The test laboratory is a special kind of place. The work conducted in the laboratory is experimental which usually indicates that we are trying things that have not been tried before to see what happens or doesn’t happen. Fortunately, at least in the cleaning laboratory, it is not likely that we will initiate an uncontrolled nuclear reaction or anything remotely approaching an event of that magnitude, but it is still a good idea to be ready for the unexpected. Since the lab is an experimental environment, it is not always possible to provide “signs and placards” to warn of every possible danger. Common sense safety applies not only in the laboratory but in the manufacturing environment as well. Safety is usually enhanced by a good dose of common sense as suggested by the following —
- Some acids and bases look pretty much the same as water
- STRONG acid looks pretty much the same as weak acid
- Remember to add acid to water, not the other way around.

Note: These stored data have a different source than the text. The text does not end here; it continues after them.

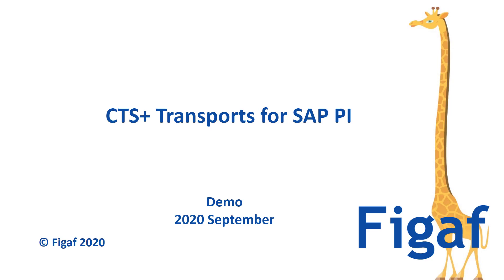Hi and welcome to this video. In this video I'll show you how you can augment your CTS transport for SAP PI PO with the FIGAV tool.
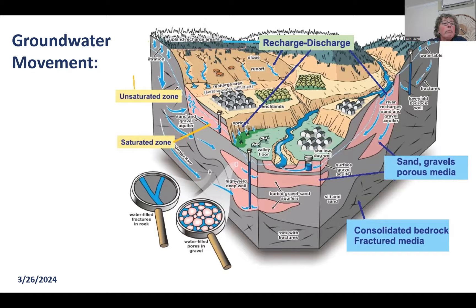That is it for groundwater. Thank you very much, and I will see you next week. Bye.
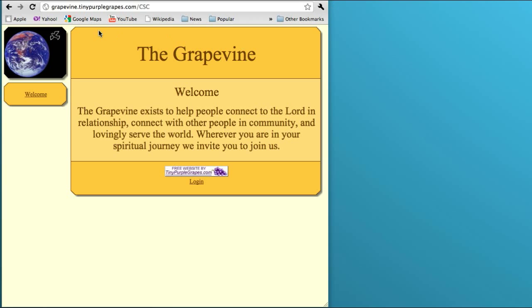Hey, this is Billy. Welcome to tutorial number two on how to make a website for your church. Last time we set up this simple website, and today I'm going to show you how to make a photo album.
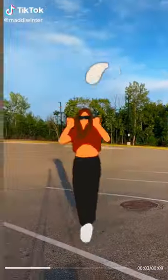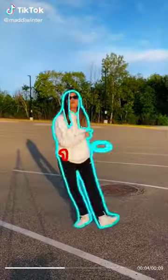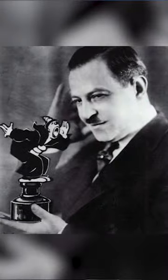Maddie Winner is the absolute queen of rotoscoping on TikTok. Rotoscoping is the process of manually tracing over footage frame by frame to create animation. It was invented in 1915 by an animator named Max Fleischer to help improve the movement of characters and make them look more realistic.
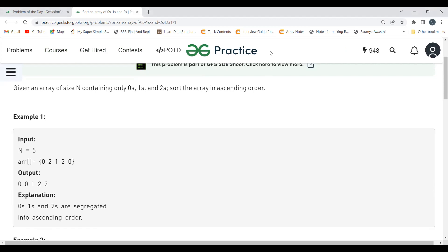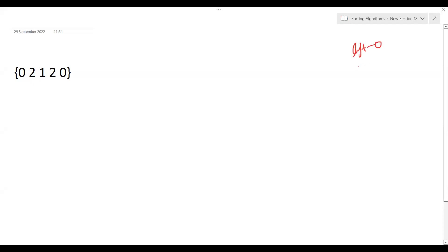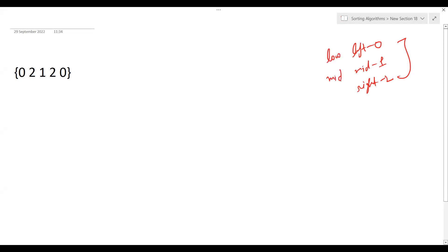We'll understand the logic first, then move to the coding part. The expected result is: all zeros on the left, all ones in the middle, and all twos on the right. To achieve this, we maintain three pointers: low, mid, and high.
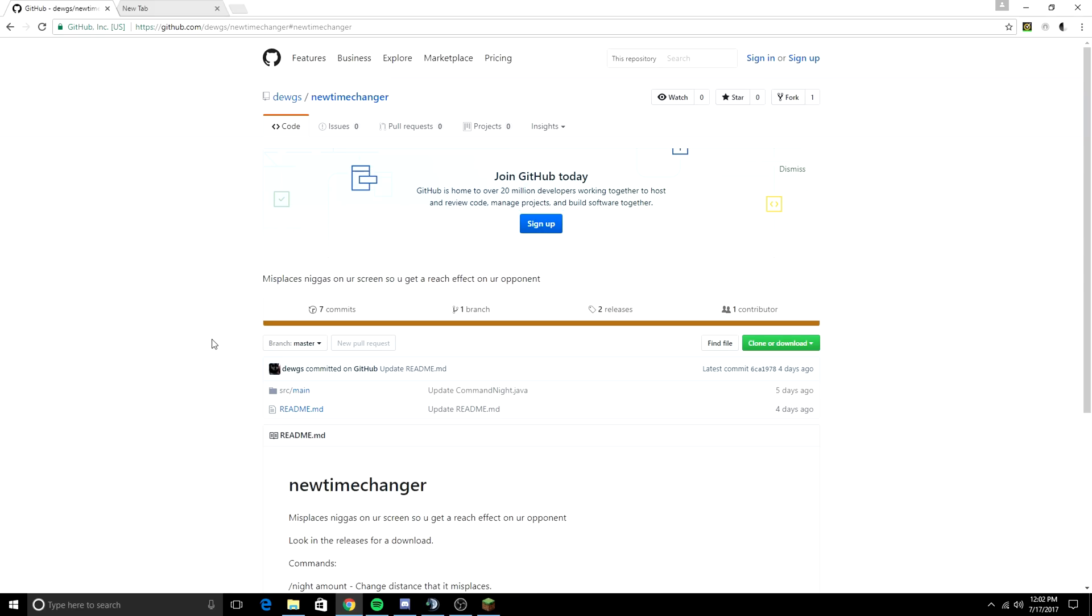So the old version of this actually would have a string in Process Hacker 2 which you could search for. The string was handle join game. However, that string has been patched,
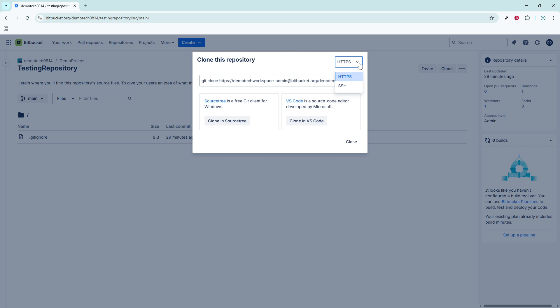On the other hand, SSH is considered more secure, primarily if you have already configured SSH keys with your Bitbucket account. In today's example, we'll utilize the HTTPS method for simplicity.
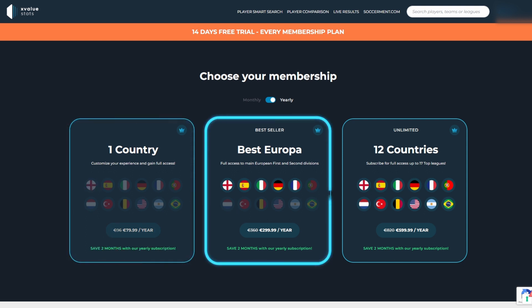Secondly, the best Europa gives you access to the first two divisions from the top five European leagues, including England, Spain, Italy, Germany and France.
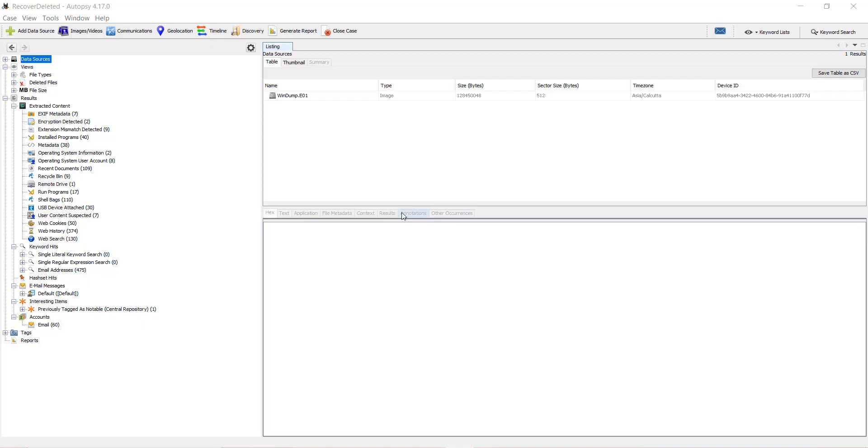Let's examine the web histories or browser histories of a Windows device. I'll be using Autopsy digital forensics to browse the web histories within that Windows device.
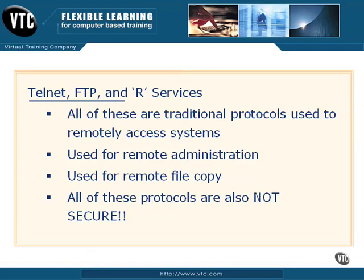Telnet's widely used, FTP we use quite often, especially when we're transferring files from one machine to another, whether it be from machine to machine or over the web. So we still use a lot of these protocols that are out there. We use them for primarily remote administration, as I said, and remote file copy.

- Hot water looks pretty much the same as cold water
- Don’t put blind trust in any label on a sticky note unless you put it there yourself – and sometimes not even then.

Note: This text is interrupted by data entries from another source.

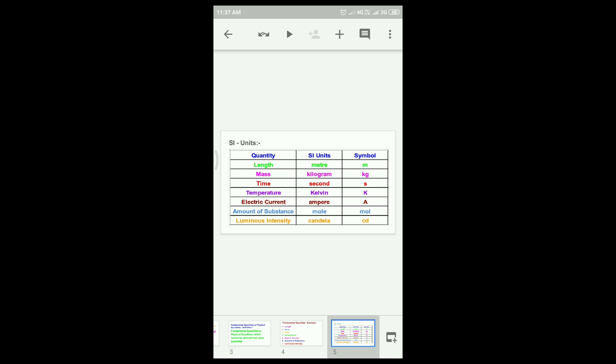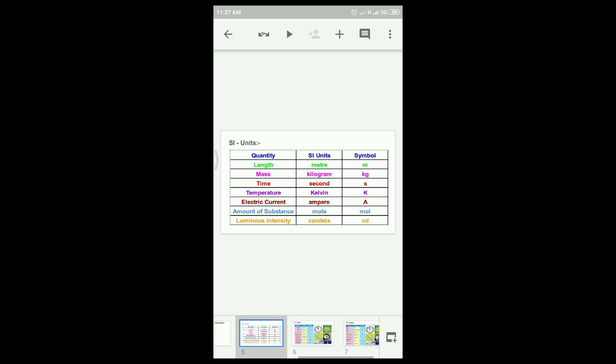Symbol: k. Quantity: time. SI unit: second. Symbol: s. Temperature SI unit: kelvin. Symbol: K. Electric current: ampere. Symbol: A. Amount of substance: mole. Symbol: mol. Luminous intensity: candela. Symbol: cd.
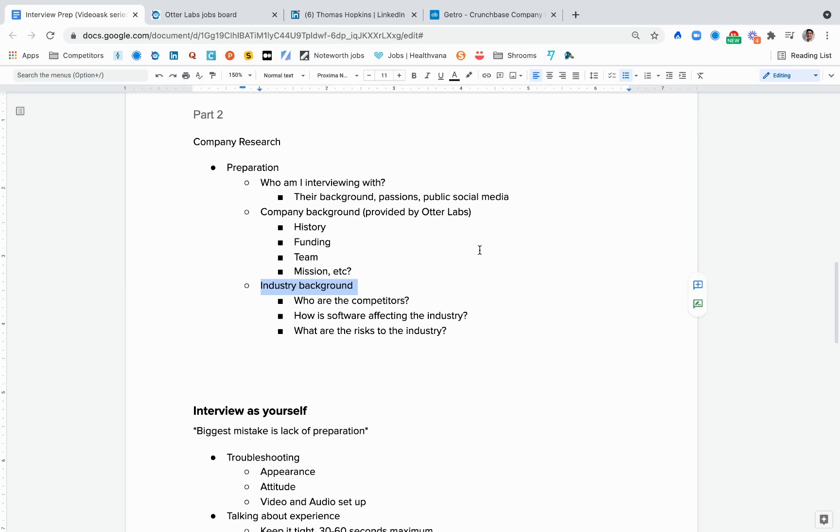All right, so part two of section one, pre-interview preparation, is company research. How do I prepare for my interview and look at the different components of the company and research the right things so that I feel comfortable about the opportunity but also prepared for the interview?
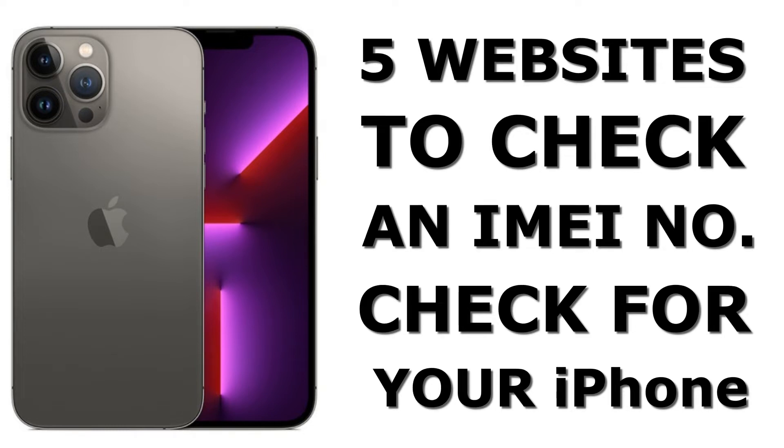In the video for today, I'm going to show you how you could do an iPhone IMEI number check on these five amazing websites.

- There are a lot of things that look like steam that aren’t steam. Acid fumes and smoke are two of them!
- The splash will always be bigger than you think it will be.
- Operating a spray washer before it reaches temperature can create a scene not unlike one you may have seen on I Love Lucy.
- Chlorine bleach will destroy stainless steel in a matter of minutes – even sooner if you add ultrasonics.
- A valve that’s “open” looks pretty much like a valve that’s “closed” – This is especially true of solenoid valves.
- The last person to drain the cleaning tank always leaves the drain valve open.
- The person filling the tank never checks to make sure the drain valve is closed.
- Switches have an ON position and an OFF position that aren’t always well labeled.
- The switch is always left in the “on” position when the power is disconnected.
- Pumps will run backwards if the three phase electrical supply is not wired correctly and that may be bad.
- Loose or missing filter housings will always leak on to something that shouldn’t get wet.
- Equipment that is intended to operate on 208 Volt 3 Phase power probably won’t operate on 240 Volt OR 480 Volt 3 Phase power (at least for very long).
- No device will ever have the right plug to fit the available socket.
- Computers don’t work well when wet.
I’m sure these little gems from my own personal experience are only the tip of the iceberg! If you have any interesting and potentially helpful thoughts to add, please click on the comment button below and pass them on.
– FJF –
One comment on “Lab Tales – Don’t Put Your Finger in There!”
Water coming out of a 0° degree nozzle at 500psi looks similar to water at 30psi and shouldn’t be tested with your finger!
This started out as a comment “that’s not enough pressure to do anything” before I knew it, they said “see” as they put their finger in the stream of water. Their next comment was “Oh S#*@ that hurts”.